# Data for processing
------
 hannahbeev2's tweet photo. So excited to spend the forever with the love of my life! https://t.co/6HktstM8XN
------
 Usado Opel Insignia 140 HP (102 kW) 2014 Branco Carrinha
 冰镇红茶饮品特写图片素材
------
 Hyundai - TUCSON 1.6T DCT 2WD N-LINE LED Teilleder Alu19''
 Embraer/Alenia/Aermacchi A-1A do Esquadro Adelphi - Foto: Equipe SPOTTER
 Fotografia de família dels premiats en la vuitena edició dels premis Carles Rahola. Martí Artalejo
------
# Exercise prompt
All that belongs in the answer is the run of lines above from the line containing "Embraer/Alenia/Aermacchi A-1A do" through the line containing "Fotografia de família", exactly as written.

# Problem solution
 Embraer/Alenia/Aermacchi A-1A do Esquadro Adelphi - Foto: Equipe SPOTTER
 Fotografia de família dels premiats en la vuitena edició dels premis Carles Rahola. Martí Artalejo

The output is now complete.